Victim of botched Chicago raid agrees to meeting with mayor
Columbia Basin Herald | UPDATED 4 years AGO
CHICAGO (AP) — A Black woman who wasn’t allowed to dress before being handcuffed during a mistaken 2019 police raid on her home has agreed to meet with Chicago’s mayor, her attorney said Monday.
The woman, social worker Anjanette Young, plans to meet with Mayor Lori Lightfoot Wednesday at Progressive Baptist Church where she is a member, attorney Keenan J. Saulter said.
But Lightfoot said Monday that specific “details were still being worked out” on the meeting.
“It is certainly my hope that Miss Young and I meet and meet soon," Lightfoot told reporters at an unrelated news conference.

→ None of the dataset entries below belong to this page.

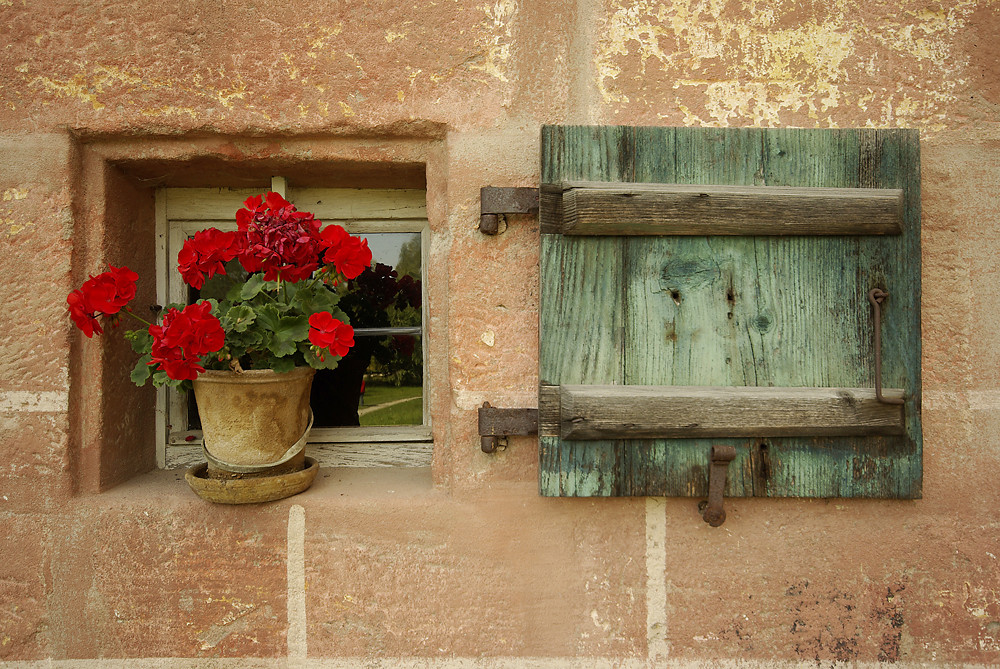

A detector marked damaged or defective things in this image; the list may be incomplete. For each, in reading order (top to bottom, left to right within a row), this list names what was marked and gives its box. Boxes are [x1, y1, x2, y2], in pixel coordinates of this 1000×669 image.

rusty iron hinge [478, 185, 540, 235]
rusty iron hinge [478, 402, 540, 454]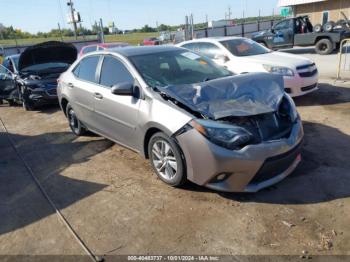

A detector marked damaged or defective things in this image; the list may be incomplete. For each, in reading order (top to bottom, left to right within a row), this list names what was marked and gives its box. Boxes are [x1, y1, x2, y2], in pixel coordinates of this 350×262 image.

crumpled hood [18, 40, 77, 70]
crumpled hood [157, 72, 286, 119]
deployed airbag [157, 72, 286, 119]
damaged headlight [190, 119, 253, 149]
broken headlight lens [191, 119, 252, 149]
damaged front bumper [176, 119, 302, 192]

Saulter said Young has also planned for a larger meeting with aldermen and Police Superintendent David Brown
The February 2019 wrongful raid on Young's home has drawn wide criticism because police officers didn’t allow her to dress before handcuffing her. In police video footage, she repeatedly tells officers executing a search warrant that they have the wrong home. Lawmakers and civil rights activists have decried the incident, first aired by Chicago's WBBM-TV, as racist and an affront to a Black woman’s dignity.

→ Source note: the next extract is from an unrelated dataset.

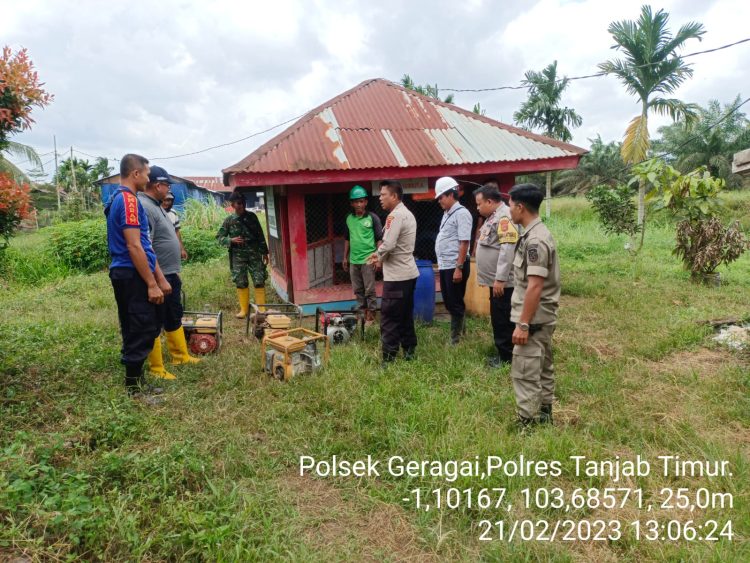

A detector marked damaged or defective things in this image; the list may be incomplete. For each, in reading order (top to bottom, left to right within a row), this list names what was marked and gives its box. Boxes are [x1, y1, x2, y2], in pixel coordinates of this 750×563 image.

rusty metal roof [223, 78, 588, 176]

In the fallout, Chicago’s top attorney resigned, Mayor Lori Lightfoot announced an independent investigation and 12 officers were placed on administrative duty pending the outcome of an investigation by the Civilian Office of Police Accountability. Lightfoot has publicly apologized for what happened to Young during the raid that occurred before her election in spring 2019 and several missteps by the city, including attempting to block the television station from airing the footage.